## Try it
Among the records below, find the line with "Volkswagen Tiguan Vehicle Image 17" and the line with "4502 Creek Point". Set down both and every line between, exactly and with no pictures, but nothing else.

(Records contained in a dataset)
☆ ☆ ☆ ☆ ☆

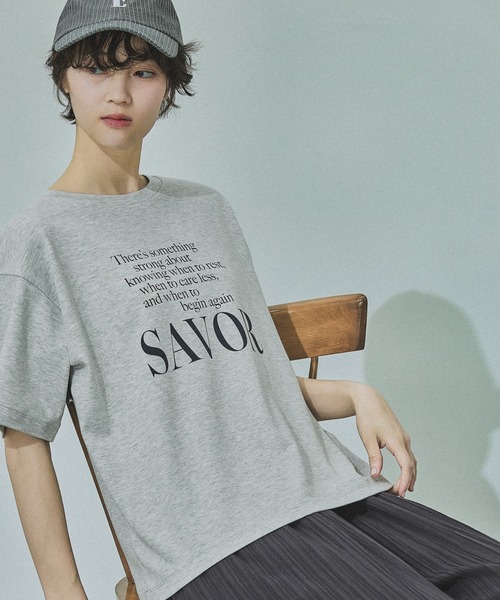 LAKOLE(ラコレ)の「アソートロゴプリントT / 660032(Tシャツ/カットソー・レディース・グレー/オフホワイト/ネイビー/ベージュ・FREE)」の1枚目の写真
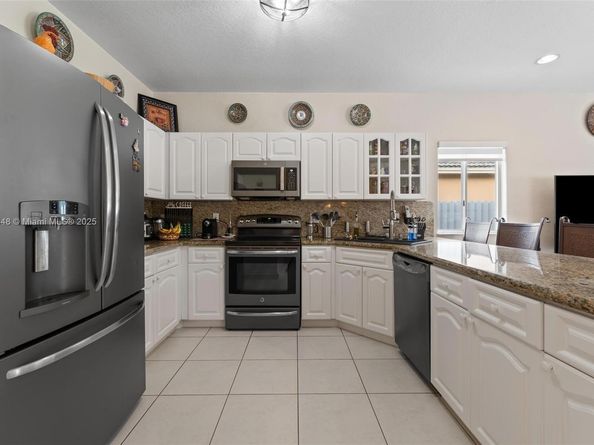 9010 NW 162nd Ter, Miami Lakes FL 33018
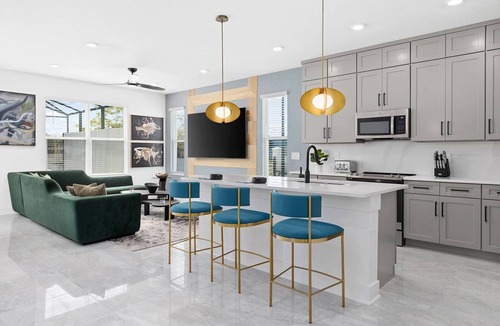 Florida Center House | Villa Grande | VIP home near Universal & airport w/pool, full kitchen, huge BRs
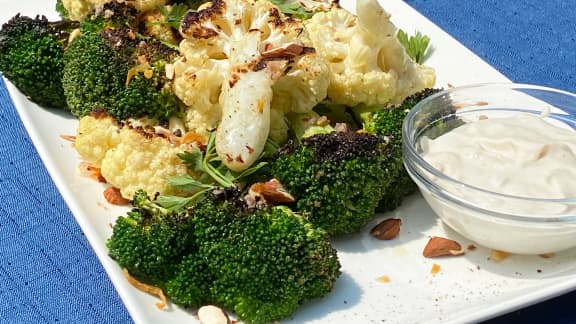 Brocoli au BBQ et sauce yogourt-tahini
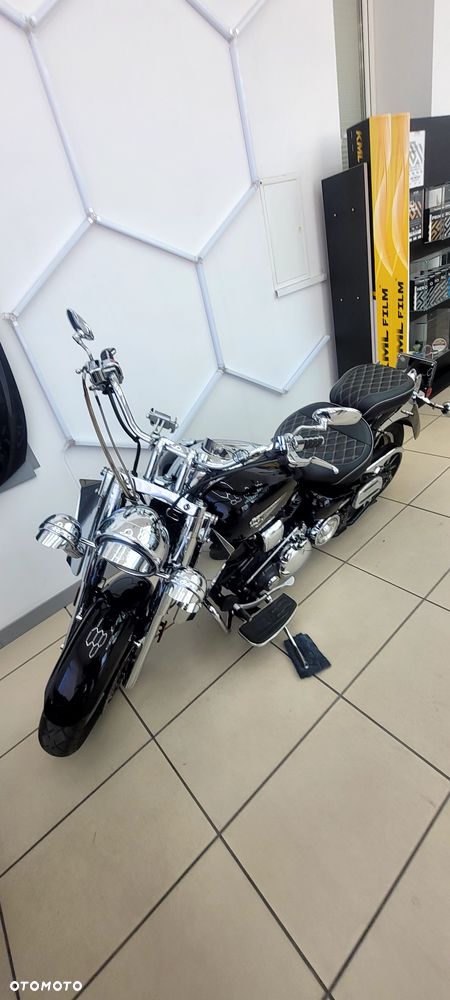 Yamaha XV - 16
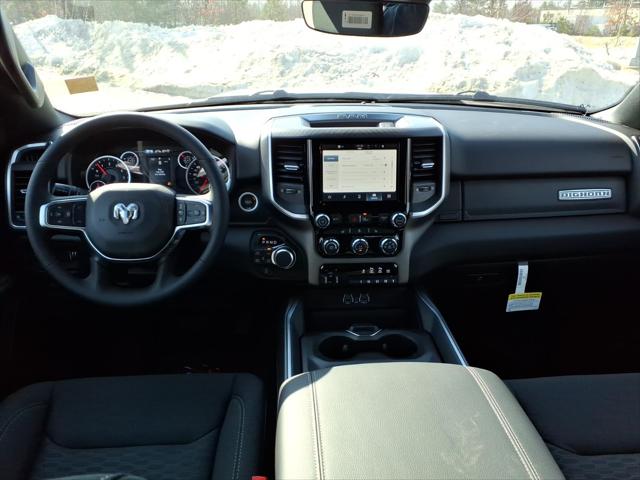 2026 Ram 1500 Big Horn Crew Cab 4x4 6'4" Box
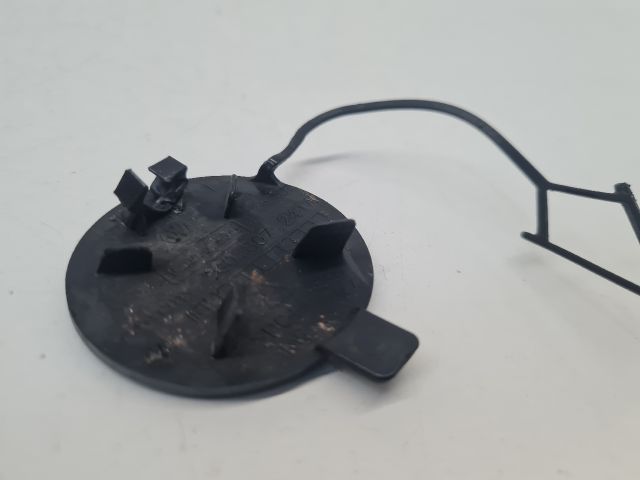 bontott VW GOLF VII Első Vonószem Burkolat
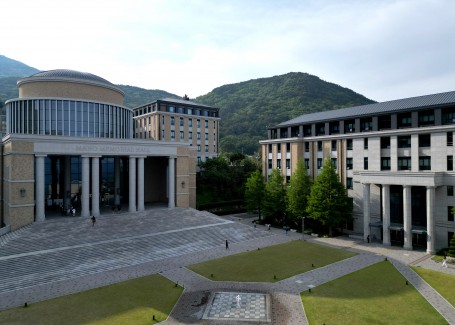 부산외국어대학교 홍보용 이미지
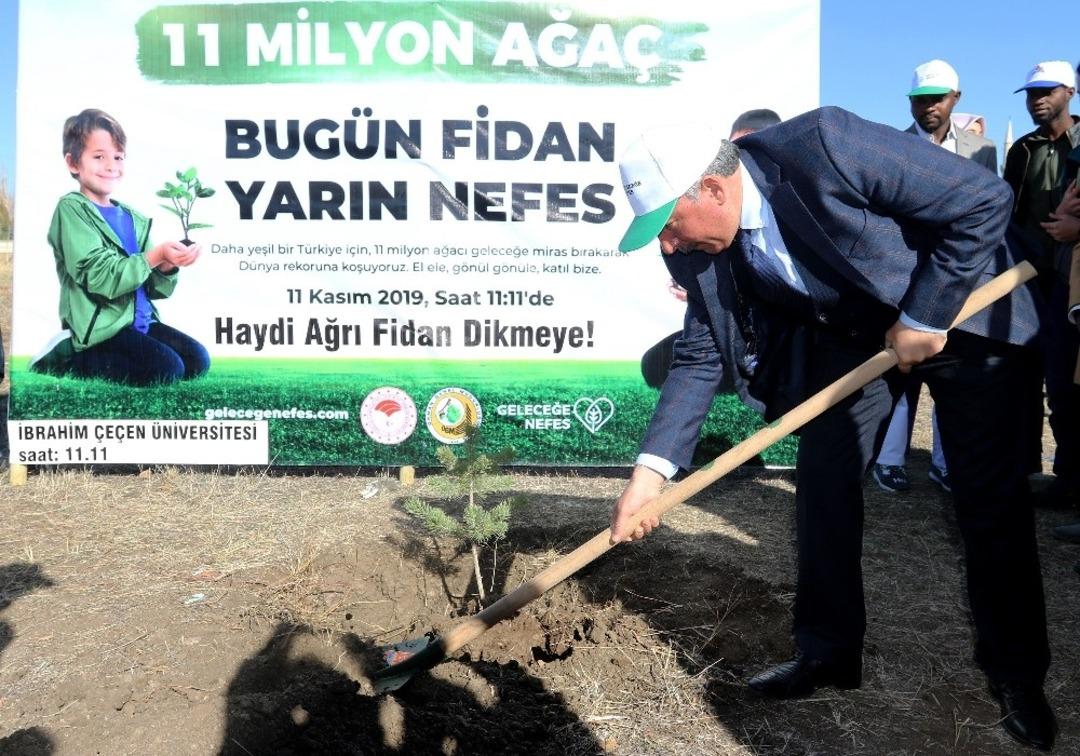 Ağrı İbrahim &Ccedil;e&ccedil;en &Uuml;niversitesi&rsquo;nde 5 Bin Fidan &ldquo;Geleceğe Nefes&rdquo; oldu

☆ ☆ ☆ ☆ ☆

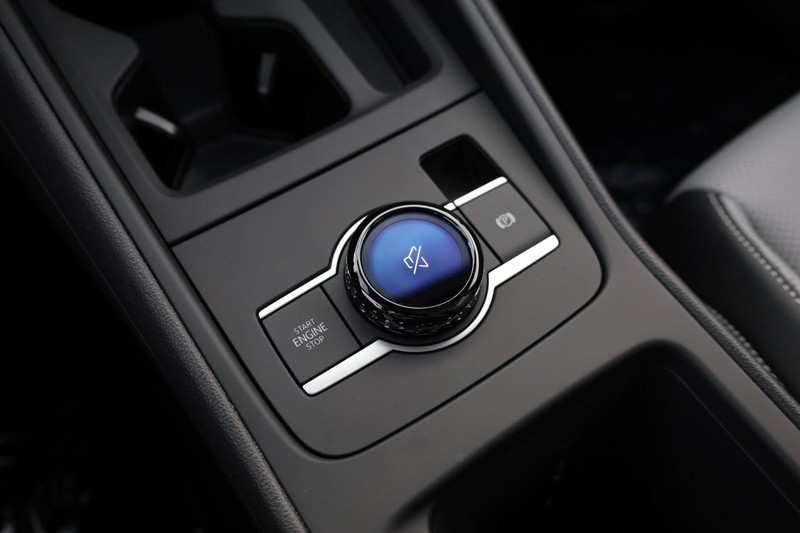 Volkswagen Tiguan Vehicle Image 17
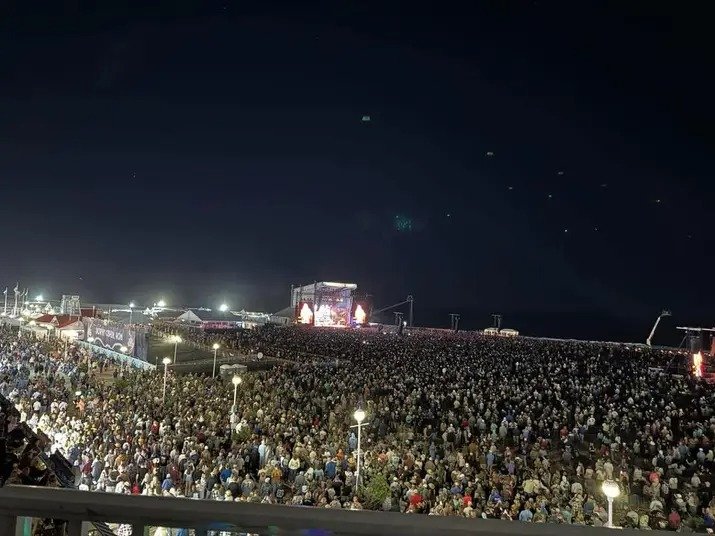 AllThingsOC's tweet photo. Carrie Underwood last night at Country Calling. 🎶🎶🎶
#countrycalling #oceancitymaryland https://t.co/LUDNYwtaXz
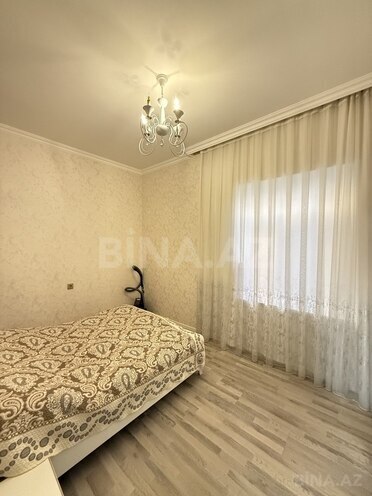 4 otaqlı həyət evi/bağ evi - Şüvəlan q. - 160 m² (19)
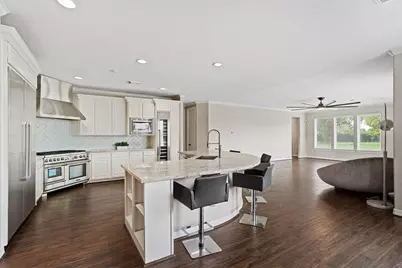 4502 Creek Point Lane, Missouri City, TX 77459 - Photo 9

☆ ☆ ☆ ☆ ☆

## Solution for this problem
 Volkswagen Tiguan Vehicle Image 17
 AllThingsOC's tweet photo. Carrie Underwood last night at Country Calling. 🎶🎶🎶
#countrycalling #oceancitymaryland https://t.co/LUDNYwtaXz
 4 otaqlı həyət evi/bağ evi - Şüvəlan q. - 160 m² (19)
 4502 Creek Point Lane, Missouri City, TX 77459 - Photo 9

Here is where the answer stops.